The benefits of this prolonged period of very low oil prices are diminishing for some corporate finance sectors or even starting to have a negative impact on others, said Moody's Investors Service.
The exploration & production, oilfield services, building materials and steel industries continue to bear the immediate effects of low oil prices. The global oversupply, combined with additional exports coming from Iran and OPEC countries producing at capacity, has led to a fundamental shift in the energy industries. Moody's price estimates for oil reflect this shift and are in the process of concluding ratings reviews of issuers in these industries owing to the deterioration in credit conditions linked to persistently low oil prices.
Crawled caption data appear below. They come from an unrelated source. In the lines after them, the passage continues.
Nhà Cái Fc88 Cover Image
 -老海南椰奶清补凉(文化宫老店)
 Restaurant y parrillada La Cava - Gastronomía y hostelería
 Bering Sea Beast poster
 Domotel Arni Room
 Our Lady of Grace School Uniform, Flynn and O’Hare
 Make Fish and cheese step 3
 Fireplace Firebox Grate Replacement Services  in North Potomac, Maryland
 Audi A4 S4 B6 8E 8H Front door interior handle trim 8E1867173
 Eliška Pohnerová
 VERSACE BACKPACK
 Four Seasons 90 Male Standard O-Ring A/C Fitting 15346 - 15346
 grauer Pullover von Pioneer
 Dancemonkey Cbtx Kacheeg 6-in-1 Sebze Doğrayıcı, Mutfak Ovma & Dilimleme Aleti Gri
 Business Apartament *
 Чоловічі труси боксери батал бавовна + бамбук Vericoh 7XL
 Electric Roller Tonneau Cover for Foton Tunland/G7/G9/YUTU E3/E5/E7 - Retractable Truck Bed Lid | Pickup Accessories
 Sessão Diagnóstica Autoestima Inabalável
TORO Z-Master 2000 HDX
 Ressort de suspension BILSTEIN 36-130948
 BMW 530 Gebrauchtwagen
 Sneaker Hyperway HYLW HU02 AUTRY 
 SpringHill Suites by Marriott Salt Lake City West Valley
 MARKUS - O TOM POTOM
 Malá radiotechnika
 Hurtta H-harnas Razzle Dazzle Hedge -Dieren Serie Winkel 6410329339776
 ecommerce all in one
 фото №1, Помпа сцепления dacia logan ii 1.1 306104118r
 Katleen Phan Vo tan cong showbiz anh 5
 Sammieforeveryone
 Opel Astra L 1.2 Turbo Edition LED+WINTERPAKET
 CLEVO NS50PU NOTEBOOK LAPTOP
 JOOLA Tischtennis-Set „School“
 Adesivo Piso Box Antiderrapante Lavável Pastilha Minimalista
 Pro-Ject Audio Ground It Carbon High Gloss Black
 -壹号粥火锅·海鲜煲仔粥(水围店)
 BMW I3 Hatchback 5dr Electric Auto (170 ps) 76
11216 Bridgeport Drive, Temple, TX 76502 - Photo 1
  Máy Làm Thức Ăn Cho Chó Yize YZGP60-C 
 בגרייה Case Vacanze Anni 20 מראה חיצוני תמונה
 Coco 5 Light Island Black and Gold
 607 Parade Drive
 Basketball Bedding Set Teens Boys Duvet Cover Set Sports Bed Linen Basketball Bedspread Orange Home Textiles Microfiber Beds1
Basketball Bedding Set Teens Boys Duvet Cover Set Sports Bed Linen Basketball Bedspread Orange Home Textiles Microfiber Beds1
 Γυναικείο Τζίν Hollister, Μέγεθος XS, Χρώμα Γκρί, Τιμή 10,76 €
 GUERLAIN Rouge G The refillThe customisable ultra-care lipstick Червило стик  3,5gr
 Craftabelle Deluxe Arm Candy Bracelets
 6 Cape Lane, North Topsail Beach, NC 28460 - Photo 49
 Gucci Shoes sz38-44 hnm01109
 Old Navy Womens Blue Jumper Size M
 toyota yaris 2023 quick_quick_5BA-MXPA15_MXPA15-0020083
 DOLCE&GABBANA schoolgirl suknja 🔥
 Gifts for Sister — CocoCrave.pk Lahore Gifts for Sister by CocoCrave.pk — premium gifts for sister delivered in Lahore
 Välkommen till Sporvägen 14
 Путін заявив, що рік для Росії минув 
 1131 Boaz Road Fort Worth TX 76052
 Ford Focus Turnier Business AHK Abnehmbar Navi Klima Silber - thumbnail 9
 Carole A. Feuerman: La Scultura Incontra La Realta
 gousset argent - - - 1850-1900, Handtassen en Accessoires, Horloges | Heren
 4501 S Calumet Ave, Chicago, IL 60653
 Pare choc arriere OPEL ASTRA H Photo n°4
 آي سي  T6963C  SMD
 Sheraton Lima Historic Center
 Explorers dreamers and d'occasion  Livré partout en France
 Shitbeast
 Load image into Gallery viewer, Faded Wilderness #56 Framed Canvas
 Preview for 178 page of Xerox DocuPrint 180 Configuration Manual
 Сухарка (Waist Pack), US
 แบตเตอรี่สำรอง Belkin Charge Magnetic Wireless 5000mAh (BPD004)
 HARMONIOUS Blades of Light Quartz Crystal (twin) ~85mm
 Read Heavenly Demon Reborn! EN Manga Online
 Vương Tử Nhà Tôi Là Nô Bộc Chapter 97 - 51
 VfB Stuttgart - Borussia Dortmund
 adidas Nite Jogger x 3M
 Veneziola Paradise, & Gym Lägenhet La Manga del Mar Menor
Manufacturing, US surface transportation and unregulated European utilities and power producers are grappling with the effects of low oil prices, according to the report "Non-Financial Corporations -- Global: Net Benefits of Prolonged Drop in Oil Prices Diminish or Turn Negative for Some Sectors." Electricity prices in Europe have declined in tandem with oil prices, pressuring unregulated European utilities and power producers. Cost cutting among exploration & production and oilfield services is flowing down to US transportation companies that move crude oil, frac sand and drilling supplies. In addition, oil and gas companies are renegotiating their contracts to reduce the prices they pay manufacturers that service or supply the industry.
"While low oil prices continue to have negative effects on the energy and commodities sectors, we are seeing broader shifts in impact on other sectors," said Mark Gray, Managing Director of Global Corporate Finance at Moody's. "The benefits of cheaper oil are diminishing for shipping, packaged food and chemicals companies and beginning to have a somewhat negative impact on the manufacturing and US surface transportation sectors."
Low oil prices continue to provide a strong benefit only to the airline sector, where lower fuel prices have allowed airlines to reduce prices, boosting passenger demand and free cash flow for US airlines in particular.
The auto sector continues to moderately benefit from low fuel prices, with North American automakers selling larger vehicles the predominant beneficiaries. While higher consumer spending will benefit retailers who cater to the lower-income demographic, the impact will be moderate as wage growth remains anemic for this population and unemployment persists.
Mining companies are benefitting more than they did when Moody's initially analyzed the benefits and risks of low oil prices in January 2015, with operating costs poised to improve 4%-5%. However, the rating agency notes that this improvement falls far short of offsetting low prices for base metals, iron ore and coal tied to the slowdown in Chinese consumption.